Простая кровать с большим занавесом, тонкое бумажное одеяло и одна подушка. Потом диван, ковер на полу, круглый стол перед диваном, другой маленький письменный у окна, покрытый клеенкой, на котором, однако же, не было признаков письма, небольшое старинное зеркало и простой шкаф с платьями.
И все тут. Ни гравюры, ни книги, никакой мелочи, по чему бы можно было узнать вкус и склонности хозяйки.
– Где же у ней все? – спросил Райский.
– У ней ничего нет.
– Как ничего? Где чернильница, бумаги!..
– Это все в столе – и ключ у ней.
Райский подошел сначала к одному, потом к другому окну. Из окон открывались виды на поля, деревню с одной стороны, на сад, обрыв и новый дом с другой.
– Пойдемте, братец, отсюда: здесь пустотой пахнет, – сказала Марфенька, – как ей не страшно одной: я бы умерла! А она еще не любит, когда к ней сюда придешь. Бесстрашная такая! Пожалуй, на кладбище одна ночью пойдет, вон туда: видите?
Она указала ему из окна на кучу крестов, сжавшихся тесно на холме, поодаль от крестьянских дворов.
– А ты не ходишь? – спросил он.
– Я днем хожу туда, и то с Агафьей или мальчишку из деревни возьму. А то так на похороны, если мужичок умрет. У нас, слава Богу, редко мрут.
Райский опять поглядел на пустую комнату, старался припомнить черты маленькой Веры и припоминал только тоненькую, черненькую девочку с темно-карими глазками, с беленькими зубками и часто с замаранными ручонками.

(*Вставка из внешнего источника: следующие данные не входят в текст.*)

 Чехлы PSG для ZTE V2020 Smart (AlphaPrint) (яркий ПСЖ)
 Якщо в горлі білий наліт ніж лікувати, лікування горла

«Какая же она теперь? Хорошенькая, говорит Марфенька и бабушка тоже: увидим!» – думал он, а теперь пока шел следом за Марфенькой.
XII
Они вышли на другой двор, где были разные службы, кладовые, людские, погреба и конюшни.

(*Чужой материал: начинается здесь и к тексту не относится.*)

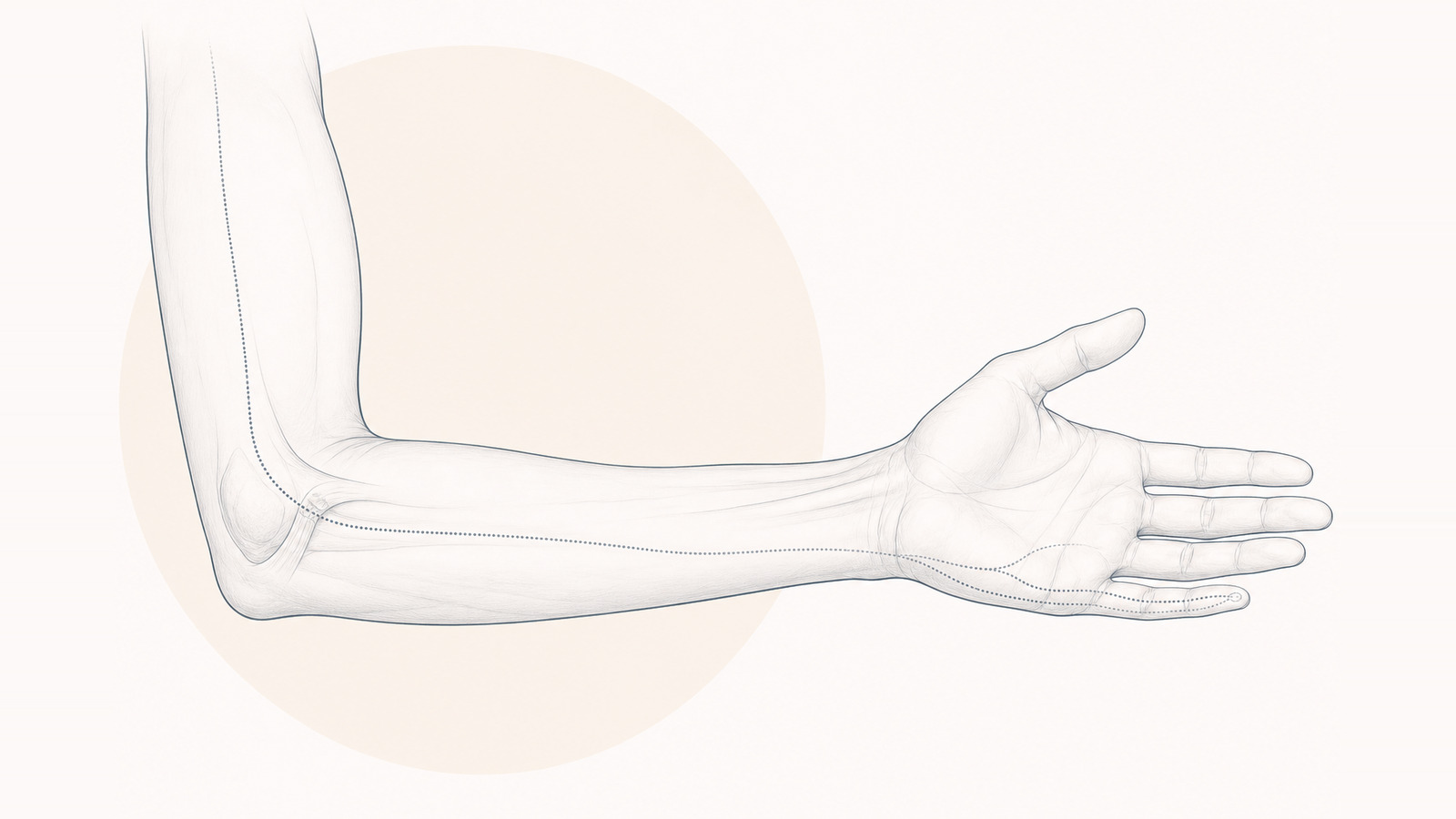 Cubital tunnel syndrome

На дворе все суетилось, в кухне трещал огонь, в людской обедали люди, в сарае Тарас возился около экипажей, Прохор вел поить лошадей.
За столом в людской слышался разговор. До Райского и Марфеньки долетал грубый говор, грубый смех, смешанные голоса, внезапно приутихшие, как скоро люди из окон заметили барина и барышню.
Однако до них успел долететь маленький отрывок из дружелюбной беседы.
– А что, Мотька: ведь ты скоро умрешь! – говорил не то Егорка, не то Васька.
– Полно тебе, не греши! – унимал его задумчивый и набожный Яков.
– Право, ребята, помяните мое слово, – продолжал первый голос, – у кого грудь ввалилась, волосы из дымчатых сделались красными, глаза ушли в лоб, – тот беспременно умрет… Прощай, Мотенька: мы тебе гробок сколотим да поленцо в голову положим…
– Нет, погоди: я тебя еще вздую… – отозвался голос, должно быть, Мотьки.